# Melbourne Cup 2010



## pan (31 October 2010)

This years Melbourne Cup. Who's gunna win it??

Also looking into the trifecta got a little formula I found.

Here is Punterwoman's Formula for finding the Melbourne Cup trifecta based on 20 years of Melbourne Cup statistics and punting experience -

Include any runner who:


    * ran on the Saturday before the Cup, regardless of where they finished.
    * is an international visitor with Group form carrying 57kgs or less.
    * ran a place in this years Caulfield Cup and/or last years Melbourne Cup.
    * has won over 2400m or more in the last six months (since May) AND is carrying 4kgs or more under what they would be carrying at Weight For Age.


But leave out any runner who:


    * is carrying 59kgs or more.
    * ran in a previous Melbourne Cup in any year but finished more than 4 lengths behind the winner.
    * has failed to run a place in two or more starts at 3200m or beyond.
    * is aged over 7 years.

any thoughts?


----------



## Slipperz (31 October 2010)

So you think has the form and a good barrier draw. Not sure about shocking from the outside barrier....might have to go wide all the way round carrying 57K vs say descarado carrying 54 or even my lucky day. 

Good luck to all!!


----------



## Logique (31 October 2010)

Hi Pan, not a bad set of criteria.

It eliminates 9yro Zipping.  All the others I'm looking at meet the criteria. So You Think looks a special, and good barrier draw 3. But crummy short odds. 
At this stage I'll have two box trifs:  So You Think with Americain and Malucky Day, and another sustituting Descarado for Malucky Day.

Agree a tough ask for Shocking from barrier 24.


----------



## pan (31 October 2010)

well there are a number of horses which get the cut if you use the formula.
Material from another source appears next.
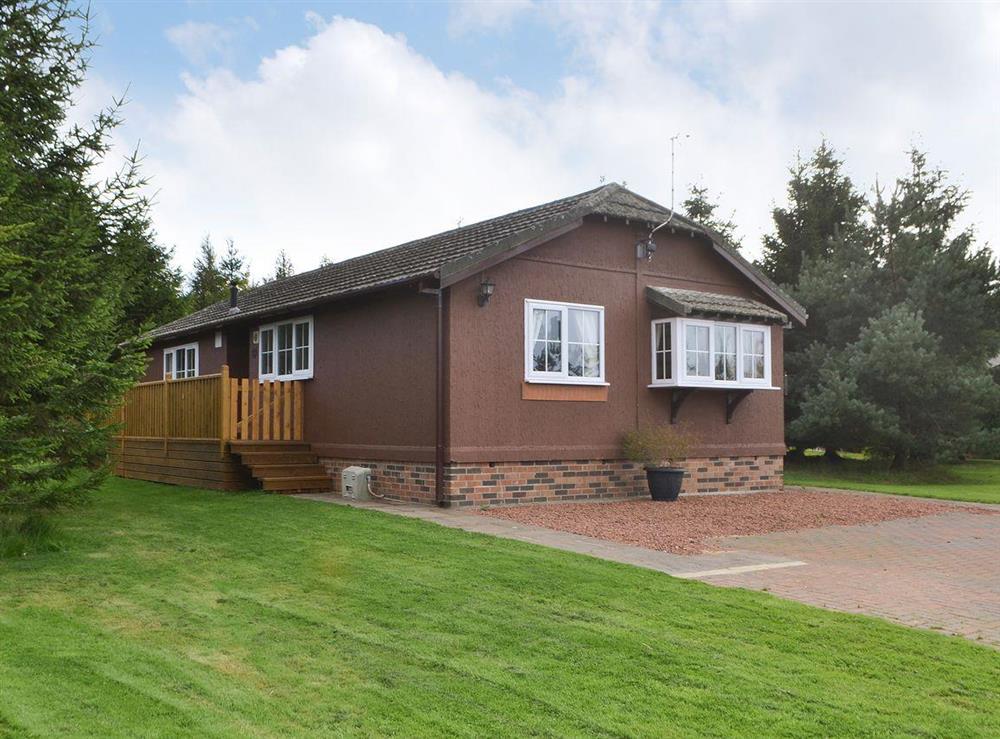 Pine Tree Lodge in Felton, near Morpeth, Northumberland sleeps 4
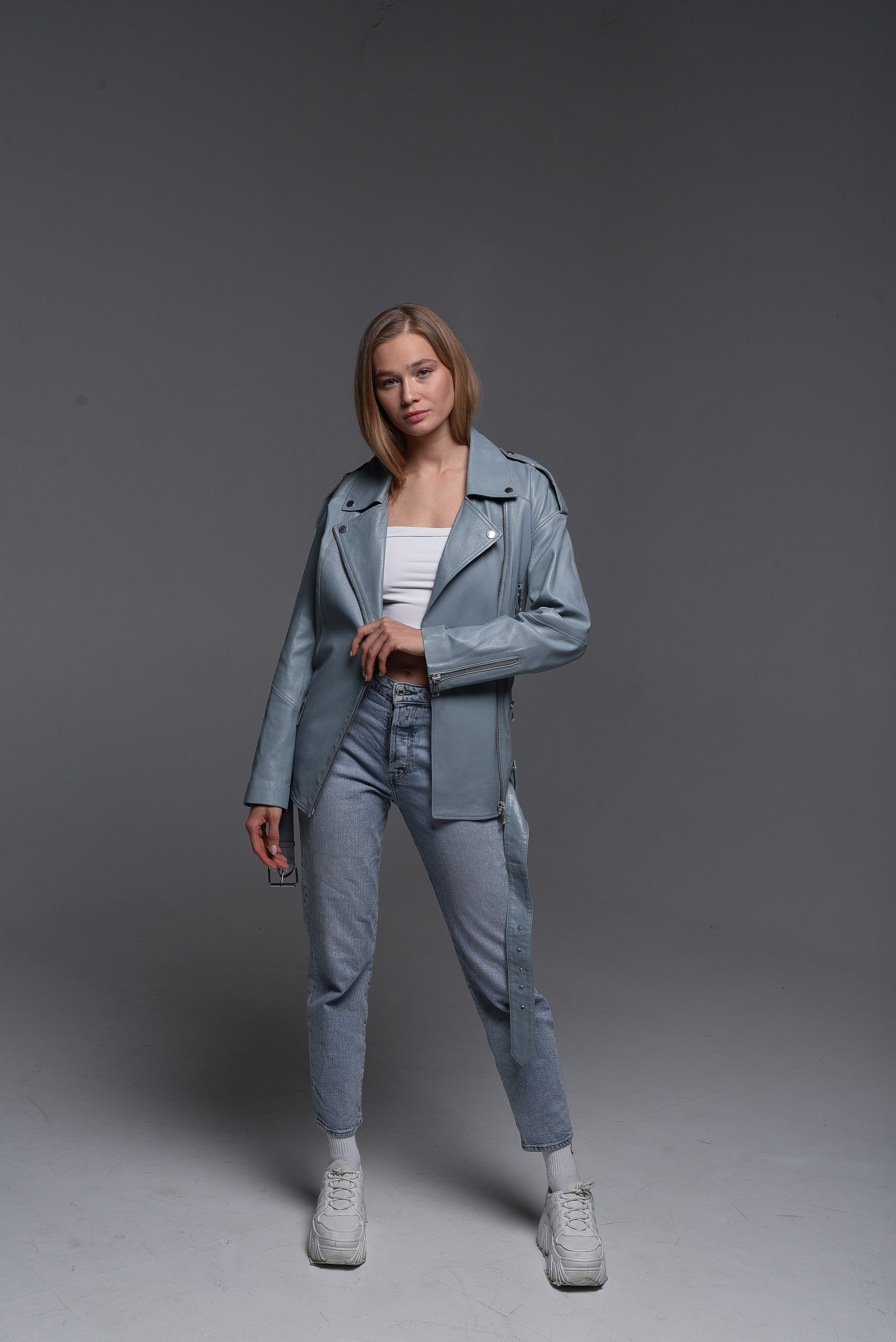 Куртки (фон). Контент фотограф в Москве Лихачева Ксения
I'm down to around 10 at the moment. Interested to see what other people come up with.


----------



## So_Cynical (31 October 2010)

pan said:


> This years Melbourne Cup. Who's gunna win it??
> 
> Also looking into the trifecta got a little formula I found.
> 
> ...




8 and 9 year olds have won...statisticly not many but still class horses over 7 years old do tend to win and run well in staying races.

Also quiet a few winners have not started on the Saturday before, again i know the stats favour a run on the Saturday before but its not that important as in it will never stop a really good horse from winning (pretty sure Kingston Rule) didn't run on the Saturday before.


----------



## tech/a (31 October 2010)

Pick 10 likely candidates
Box them in a Trifecta or Pick 4
Put $1---- or whatever on your punt 
Enjoy.


----------



## Knobby22 (31 October 2010)

I like Americain and Profound Beauty.

The field has a lot of depth. I narrowed it down to 12 using similar parameters to you Tech/a. Tough year.


----------



## pan (1 November 2010)

anyone had a crack at the formula yet?


----------



## Calliope (1 November 2010)

My secret formula narrows it down to Monaco Consul. The downside is that I haven't picked a cup winner for years.


----------



## son of baglimit (1 November 2010)

if there was a formula that worked, the developer would be filthy rich & never share it, hence...............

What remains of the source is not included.